→ **SUPPLIED INFORMATION**:
★ ★ ★ ★
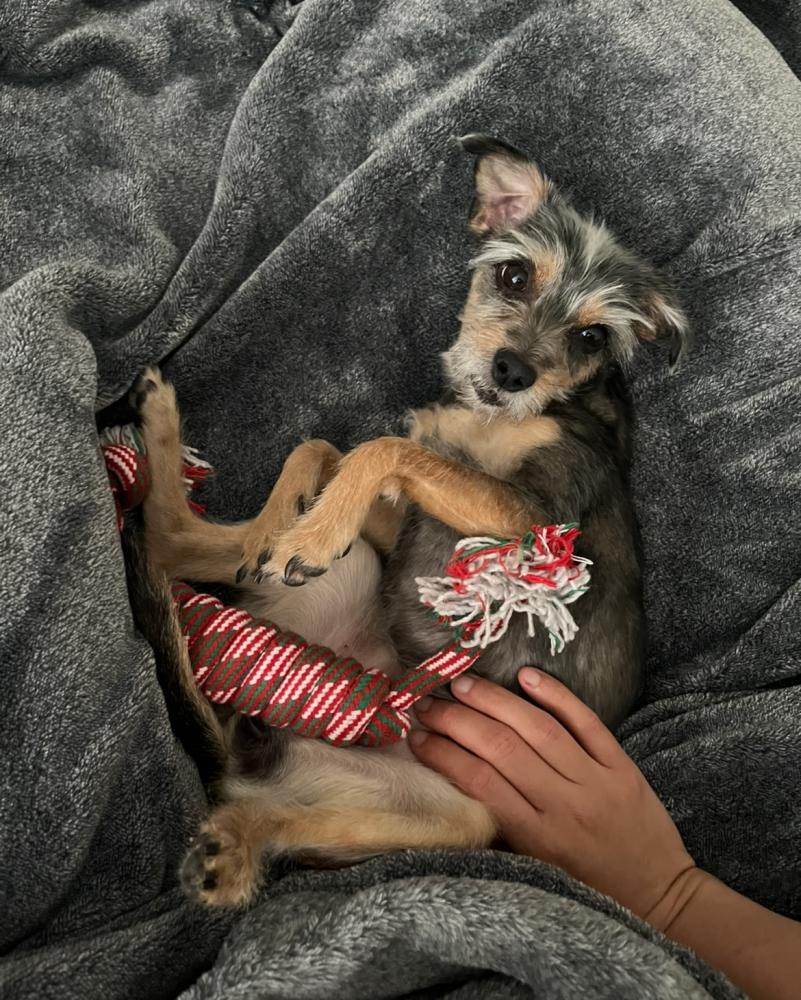 Image of Sookie, Lost Dog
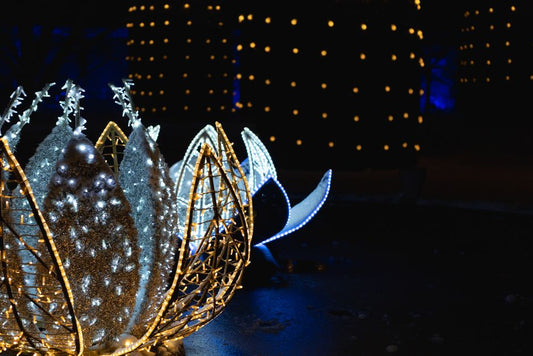 Outdoor Lighting Installation: A Step-by-Step Guide for Beginners
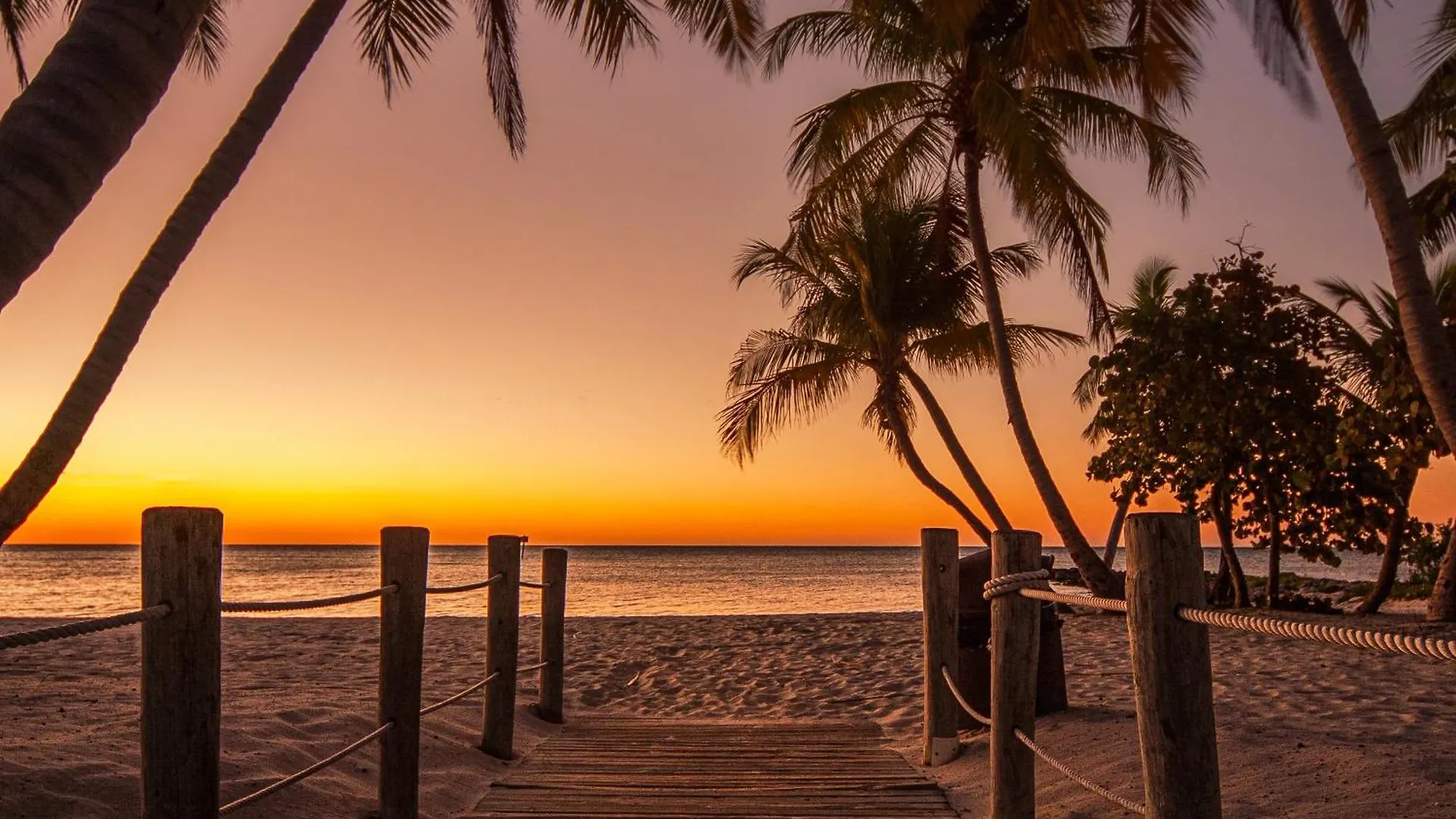 Apartment Sunrise Suites - Butterfly Nest #107 Key West United States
★ ★ ★ ★
→ **TASK DESCRIPTION**: The task requires restating verbatim the lines from the one that holds "Outdoor Lighting Installation: A" through the end of the listing, both ends counted, and no pictures.

→ **SOLUTION TO THE PROBLEM**:
 Outdoor Lighting Installation: A Step-by-Step Guide for Beginners
 Apartment Sunrise Suites - Butterfly Nest #107 Key West United States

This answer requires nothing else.